Task item ::
Every entry below should be repeated exactly; the pictures should not.

(Crawled caption data)
# # #

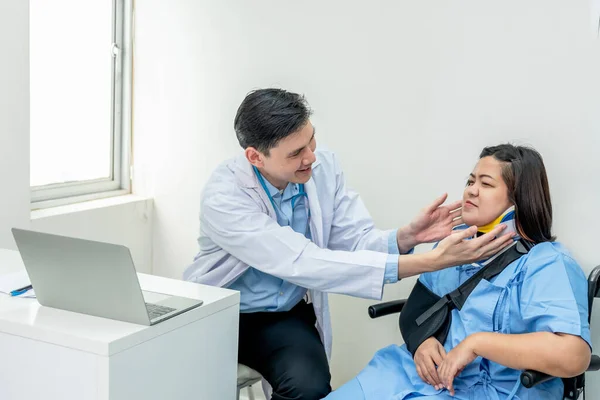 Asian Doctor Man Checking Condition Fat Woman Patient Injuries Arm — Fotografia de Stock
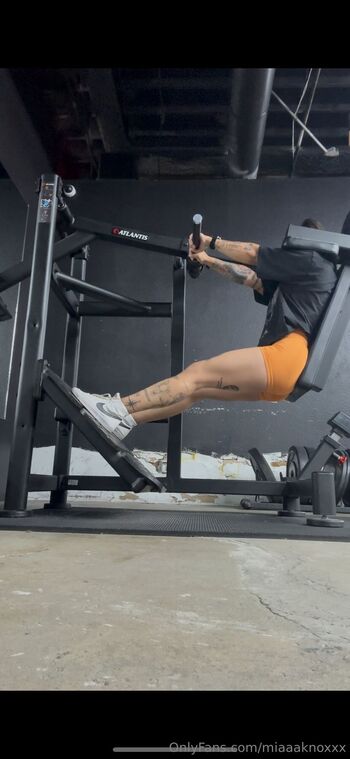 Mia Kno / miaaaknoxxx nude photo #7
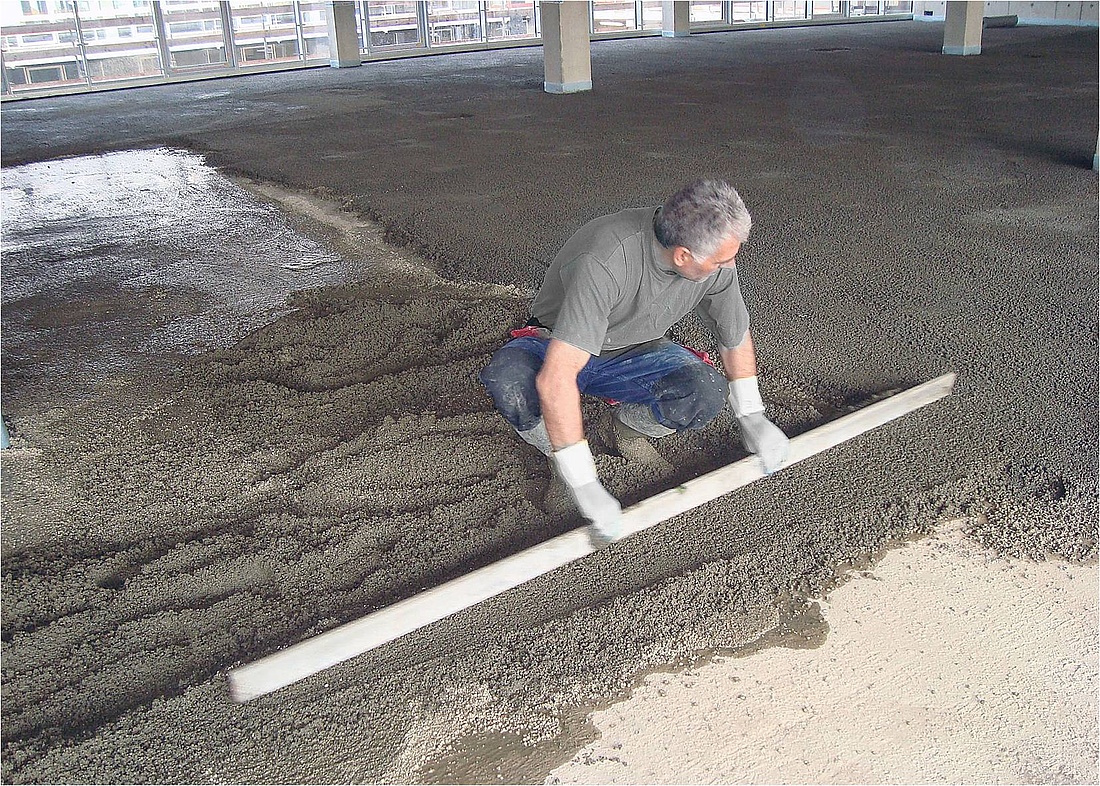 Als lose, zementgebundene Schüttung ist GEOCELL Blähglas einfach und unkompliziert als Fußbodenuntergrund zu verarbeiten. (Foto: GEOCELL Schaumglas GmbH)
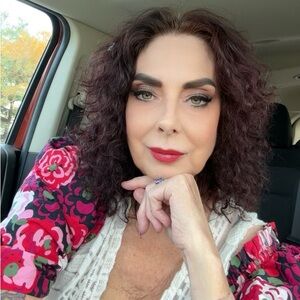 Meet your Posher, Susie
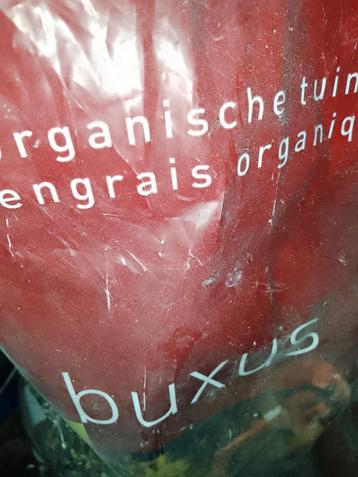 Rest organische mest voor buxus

# # #

Solution for this exercise ::
 Asian Doctor Man Checking Condition Fat Woman Patient Injuries Arm — Fotografia de Stock
 Mia Kno / miaaaknoxxx nude photo #7
 Als lose, zementgebundene Schüttung ist GEOCELL Blähglas einfach und unkompliziert als Fußbodenuntergrund zu verarbeiten. (Foto: GEOCELL Schaumglas GmbH)
 Meet your Posher, Susie
 Rest organische mest voor buxus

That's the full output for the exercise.